The Crash Course to DocBook

3.2. The Structure of a DocBook File

The tags covered in this section are listed below.

book - Book
article - Article
refentry - Equivalent of a man page
chapter - Chapter of a book or an article
sect1 ... sect5 - Sections and subsections of a chapter
title - Text of a heading or the title of a block-oriented element
para - Paragraph

Example 3-1. Chapters and sections


<?xml version="1.0" encoding="UTF-8" ?>
<!DOCTYPE book PUBLIC "-//OASIS//DTD DocBook XML V4.4//EN">
 
<book id="hello-world" lang="en">
 
<bookinfo>
<title>Hello, world</title>
</bookinfo>
 
<chapter id="introduction">
<title>Introduction</title>
 
<para>This is the introduction. It has two sections</para>
 
<sect1 id="about-this-book">
<title>About this book</title>

<para>This is my first DocBook file.</para>

</sect1>

<sect1 id="work-in-progress">
<title>Warning</title>

<para>This is still under construction.</para>

</sect1>

</chapter>
</book>

The above example shows a skeleton of the structural tags. The first line is the DTD declaration which indicates which DTD to use to process this document (namely DocBook version 4.4). This information will be described in more detail in the Document Type Declaration section.

Next comes the content model, which is <book> here. You can also use <article>, which is more lightweight than <book>, or <refentry> which is the equivalent of a UNIX man page.

Note the use of the lang attribute in the <book> tag. The language attribute should always be used to make it easy to determine what language in which the document is written.

After the <book> tag comes the meta information for the document which is encapsulated within the <bookinfo> tag. This information will be described in more detail in the Meta Information section.

Then come the chapters of your book, which may contain one or more section tags (<sect1> - <sect5>). Human-readable (not numerical) ID attributes for <chapter> and <sect> tags are required for two reasons:

Chapters and sections must contain at least a <title> and an empty <para> tag. The place where certain elements can occur, cannot occur or must occur is defined by the DocBook DTD, and is covered in detail by the Reference Guide.

Content in DocBook is contained within a <para> tag, which is very similar to the <p> tag in HTML and LinuxDoc except that it must always have a closing </para> tag. Each time there can be a line break in some text (like in a list item), it means that the text will have to be enclosed in <para> tags.

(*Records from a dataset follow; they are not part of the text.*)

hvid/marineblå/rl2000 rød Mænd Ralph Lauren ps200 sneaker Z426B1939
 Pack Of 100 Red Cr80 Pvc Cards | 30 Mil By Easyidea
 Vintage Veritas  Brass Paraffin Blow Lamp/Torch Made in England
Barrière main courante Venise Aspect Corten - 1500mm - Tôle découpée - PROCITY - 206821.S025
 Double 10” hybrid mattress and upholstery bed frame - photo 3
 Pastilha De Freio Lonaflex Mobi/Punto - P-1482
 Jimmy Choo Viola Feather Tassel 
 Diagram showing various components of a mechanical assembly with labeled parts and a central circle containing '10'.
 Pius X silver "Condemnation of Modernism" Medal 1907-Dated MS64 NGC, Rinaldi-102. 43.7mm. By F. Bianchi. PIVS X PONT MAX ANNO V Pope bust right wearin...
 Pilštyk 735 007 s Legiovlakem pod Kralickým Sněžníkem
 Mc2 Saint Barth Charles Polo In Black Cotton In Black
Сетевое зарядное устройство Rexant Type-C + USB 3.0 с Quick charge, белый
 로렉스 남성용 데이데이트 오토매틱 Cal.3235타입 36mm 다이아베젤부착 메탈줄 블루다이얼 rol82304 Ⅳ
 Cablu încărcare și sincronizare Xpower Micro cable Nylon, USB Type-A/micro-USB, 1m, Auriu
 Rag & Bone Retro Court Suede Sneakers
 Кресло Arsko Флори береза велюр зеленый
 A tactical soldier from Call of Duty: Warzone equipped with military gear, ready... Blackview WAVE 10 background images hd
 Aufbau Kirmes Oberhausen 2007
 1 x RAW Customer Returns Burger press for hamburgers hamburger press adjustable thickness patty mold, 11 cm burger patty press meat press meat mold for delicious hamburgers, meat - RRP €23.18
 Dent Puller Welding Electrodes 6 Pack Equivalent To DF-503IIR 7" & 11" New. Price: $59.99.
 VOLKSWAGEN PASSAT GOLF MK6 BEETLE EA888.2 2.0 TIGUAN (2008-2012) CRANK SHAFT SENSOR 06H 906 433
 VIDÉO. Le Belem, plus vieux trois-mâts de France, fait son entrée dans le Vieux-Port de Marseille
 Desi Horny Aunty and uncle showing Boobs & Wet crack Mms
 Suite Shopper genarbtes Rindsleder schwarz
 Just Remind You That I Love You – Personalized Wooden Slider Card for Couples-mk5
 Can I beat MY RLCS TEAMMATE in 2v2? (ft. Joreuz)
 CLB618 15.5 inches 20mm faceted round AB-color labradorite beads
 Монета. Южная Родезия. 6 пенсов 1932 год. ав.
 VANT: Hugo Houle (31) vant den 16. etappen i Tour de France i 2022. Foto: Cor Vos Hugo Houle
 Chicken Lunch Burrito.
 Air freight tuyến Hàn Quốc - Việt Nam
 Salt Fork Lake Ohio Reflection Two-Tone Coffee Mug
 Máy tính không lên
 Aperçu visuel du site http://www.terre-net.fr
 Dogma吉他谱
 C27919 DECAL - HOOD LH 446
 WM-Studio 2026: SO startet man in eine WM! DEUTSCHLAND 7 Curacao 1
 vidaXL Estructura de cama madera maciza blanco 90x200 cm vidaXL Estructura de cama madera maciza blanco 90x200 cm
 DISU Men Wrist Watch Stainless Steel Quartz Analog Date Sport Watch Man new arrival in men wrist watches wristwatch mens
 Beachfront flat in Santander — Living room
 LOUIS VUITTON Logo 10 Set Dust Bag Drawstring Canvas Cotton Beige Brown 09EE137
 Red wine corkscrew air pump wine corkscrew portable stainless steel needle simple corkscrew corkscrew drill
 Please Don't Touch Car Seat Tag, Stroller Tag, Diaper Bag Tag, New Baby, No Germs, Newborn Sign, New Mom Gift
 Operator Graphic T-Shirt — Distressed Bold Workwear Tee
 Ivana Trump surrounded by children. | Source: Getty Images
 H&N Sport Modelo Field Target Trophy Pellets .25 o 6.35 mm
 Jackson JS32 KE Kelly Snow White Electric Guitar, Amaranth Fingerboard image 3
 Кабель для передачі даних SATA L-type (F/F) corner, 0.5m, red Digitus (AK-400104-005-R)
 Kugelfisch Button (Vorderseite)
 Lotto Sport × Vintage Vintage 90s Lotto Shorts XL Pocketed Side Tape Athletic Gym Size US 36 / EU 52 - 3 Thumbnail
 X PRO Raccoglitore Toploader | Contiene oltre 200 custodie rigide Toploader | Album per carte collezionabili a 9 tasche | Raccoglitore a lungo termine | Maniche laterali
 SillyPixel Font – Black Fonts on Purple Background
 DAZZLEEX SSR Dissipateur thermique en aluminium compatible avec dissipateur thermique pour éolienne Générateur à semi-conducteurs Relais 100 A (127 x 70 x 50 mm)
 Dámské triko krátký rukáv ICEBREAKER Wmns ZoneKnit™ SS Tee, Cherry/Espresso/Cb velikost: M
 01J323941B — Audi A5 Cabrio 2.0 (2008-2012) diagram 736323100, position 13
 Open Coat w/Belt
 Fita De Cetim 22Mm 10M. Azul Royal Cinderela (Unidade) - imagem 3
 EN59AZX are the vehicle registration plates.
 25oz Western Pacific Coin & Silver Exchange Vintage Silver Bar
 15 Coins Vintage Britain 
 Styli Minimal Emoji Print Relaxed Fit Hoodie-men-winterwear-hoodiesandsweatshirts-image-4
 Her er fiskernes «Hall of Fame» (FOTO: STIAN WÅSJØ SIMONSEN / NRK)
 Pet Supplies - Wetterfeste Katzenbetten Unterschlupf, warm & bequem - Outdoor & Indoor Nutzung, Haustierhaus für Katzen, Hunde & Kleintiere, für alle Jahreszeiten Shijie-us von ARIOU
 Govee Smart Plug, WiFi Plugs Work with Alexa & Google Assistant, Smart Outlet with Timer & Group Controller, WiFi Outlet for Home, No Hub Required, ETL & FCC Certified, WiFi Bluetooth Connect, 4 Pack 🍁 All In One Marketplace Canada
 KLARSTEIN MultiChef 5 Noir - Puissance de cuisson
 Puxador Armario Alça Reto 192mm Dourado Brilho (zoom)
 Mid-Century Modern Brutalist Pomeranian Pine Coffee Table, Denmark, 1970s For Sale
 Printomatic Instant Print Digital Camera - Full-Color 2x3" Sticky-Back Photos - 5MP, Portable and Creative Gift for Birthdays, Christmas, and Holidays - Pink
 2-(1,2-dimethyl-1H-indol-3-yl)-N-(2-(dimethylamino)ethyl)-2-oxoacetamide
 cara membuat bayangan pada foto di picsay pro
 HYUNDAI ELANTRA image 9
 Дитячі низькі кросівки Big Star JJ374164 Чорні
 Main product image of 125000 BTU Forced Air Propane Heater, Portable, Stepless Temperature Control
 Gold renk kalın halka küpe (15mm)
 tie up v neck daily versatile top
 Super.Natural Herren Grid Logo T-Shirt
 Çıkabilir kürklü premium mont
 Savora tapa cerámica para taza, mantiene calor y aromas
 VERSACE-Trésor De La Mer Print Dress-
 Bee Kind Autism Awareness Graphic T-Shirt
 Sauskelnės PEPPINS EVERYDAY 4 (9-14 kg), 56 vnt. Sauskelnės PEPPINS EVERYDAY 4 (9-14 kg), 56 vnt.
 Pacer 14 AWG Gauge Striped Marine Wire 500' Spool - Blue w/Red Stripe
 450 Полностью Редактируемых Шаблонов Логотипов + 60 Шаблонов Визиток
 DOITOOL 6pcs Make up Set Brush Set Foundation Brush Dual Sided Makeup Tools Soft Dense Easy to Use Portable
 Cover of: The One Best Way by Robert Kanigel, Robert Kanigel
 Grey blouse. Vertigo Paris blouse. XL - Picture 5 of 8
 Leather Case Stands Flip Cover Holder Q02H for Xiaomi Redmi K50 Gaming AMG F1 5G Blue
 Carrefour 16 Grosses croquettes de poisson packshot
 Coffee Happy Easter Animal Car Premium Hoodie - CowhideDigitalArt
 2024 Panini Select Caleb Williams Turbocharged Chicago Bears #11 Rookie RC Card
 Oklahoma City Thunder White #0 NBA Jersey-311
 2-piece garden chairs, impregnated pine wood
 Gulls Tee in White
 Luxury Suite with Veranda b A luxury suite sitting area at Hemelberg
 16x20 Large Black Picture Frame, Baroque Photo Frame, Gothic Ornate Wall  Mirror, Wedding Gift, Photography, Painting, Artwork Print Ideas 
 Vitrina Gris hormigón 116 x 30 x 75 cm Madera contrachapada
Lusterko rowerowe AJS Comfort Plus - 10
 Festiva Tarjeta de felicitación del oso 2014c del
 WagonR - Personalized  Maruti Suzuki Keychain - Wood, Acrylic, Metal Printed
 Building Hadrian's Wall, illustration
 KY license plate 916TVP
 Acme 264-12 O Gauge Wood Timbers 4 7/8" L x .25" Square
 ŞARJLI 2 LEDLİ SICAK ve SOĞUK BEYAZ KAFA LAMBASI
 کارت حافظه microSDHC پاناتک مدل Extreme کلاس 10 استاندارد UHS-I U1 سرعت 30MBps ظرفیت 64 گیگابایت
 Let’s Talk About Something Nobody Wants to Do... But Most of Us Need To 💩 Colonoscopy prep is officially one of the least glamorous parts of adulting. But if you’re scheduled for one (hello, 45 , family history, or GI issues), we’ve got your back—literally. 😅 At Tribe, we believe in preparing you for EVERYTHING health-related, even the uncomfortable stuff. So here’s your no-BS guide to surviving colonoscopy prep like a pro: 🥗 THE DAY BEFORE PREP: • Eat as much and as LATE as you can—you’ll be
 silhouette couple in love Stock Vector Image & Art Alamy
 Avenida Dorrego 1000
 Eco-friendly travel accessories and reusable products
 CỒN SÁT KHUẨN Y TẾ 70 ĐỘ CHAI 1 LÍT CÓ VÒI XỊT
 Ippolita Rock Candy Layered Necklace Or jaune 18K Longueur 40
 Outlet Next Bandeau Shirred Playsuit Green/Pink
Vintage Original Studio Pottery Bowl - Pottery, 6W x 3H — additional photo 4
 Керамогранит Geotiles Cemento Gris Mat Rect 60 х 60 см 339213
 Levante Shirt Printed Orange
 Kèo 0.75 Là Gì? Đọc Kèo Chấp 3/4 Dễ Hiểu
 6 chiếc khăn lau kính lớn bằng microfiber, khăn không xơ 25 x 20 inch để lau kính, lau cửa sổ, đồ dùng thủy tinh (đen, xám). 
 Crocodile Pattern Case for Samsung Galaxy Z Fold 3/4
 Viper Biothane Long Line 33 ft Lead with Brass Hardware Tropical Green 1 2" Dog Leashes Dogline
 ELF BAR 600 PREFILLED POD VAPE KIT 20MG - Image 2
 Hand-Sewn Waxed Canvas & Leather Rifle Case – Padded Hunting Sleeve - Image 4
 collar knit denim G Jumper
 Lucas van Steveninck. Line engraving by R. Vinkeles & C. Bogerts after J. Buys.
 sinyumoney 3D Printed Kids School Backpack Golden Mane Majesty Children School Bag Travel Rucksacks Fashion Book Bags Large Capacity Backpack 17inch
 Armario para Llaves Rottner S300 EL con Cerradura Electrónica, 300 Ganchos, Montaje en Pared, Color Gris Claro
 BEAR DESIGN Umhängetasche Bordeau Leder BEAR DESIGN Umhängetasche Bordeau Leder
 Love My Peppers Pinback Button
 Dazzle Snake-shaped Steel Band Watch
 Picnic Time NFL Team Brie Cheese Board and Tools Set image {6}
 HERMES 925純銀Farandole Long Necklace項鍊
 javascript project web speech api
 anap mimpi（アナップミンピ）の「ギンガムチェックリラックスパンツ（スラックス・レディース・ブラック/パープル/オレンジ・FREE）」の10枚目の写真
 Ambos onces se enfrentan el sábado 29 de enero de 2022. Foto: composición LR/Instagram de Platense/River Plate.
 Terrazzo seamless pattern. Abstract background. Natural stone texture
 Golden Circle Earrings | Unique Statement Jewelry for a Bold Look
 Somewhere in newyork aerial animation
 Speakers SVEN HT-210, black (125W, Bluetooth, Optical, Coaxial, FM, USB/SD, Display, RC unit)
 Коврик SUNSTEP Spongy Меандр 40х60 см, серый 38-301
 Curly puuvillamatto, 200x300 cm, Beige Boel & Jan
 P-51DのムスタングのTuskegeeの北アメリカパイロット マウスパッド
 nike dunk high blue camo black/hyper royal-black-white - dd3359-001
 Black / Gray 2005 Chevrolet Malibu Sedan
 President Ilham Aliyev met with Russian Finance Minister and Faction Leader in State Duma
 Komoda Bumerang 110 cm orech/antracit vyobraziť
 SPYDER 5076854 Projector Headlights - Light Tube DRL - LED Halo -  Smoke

Let's summarise and extend what we have seen so far. A book will be structured in the following way:


    book
      meta information
      chapter
        sect1
          sect2
        sect1
      chapter
        sect1
      appendix
        sect1
      appendix
        sect1
        ...
      glossary

An article will be structured in the following way:


    article
      meta information
      sect1
      sect1
        sect2
      sect1
      ...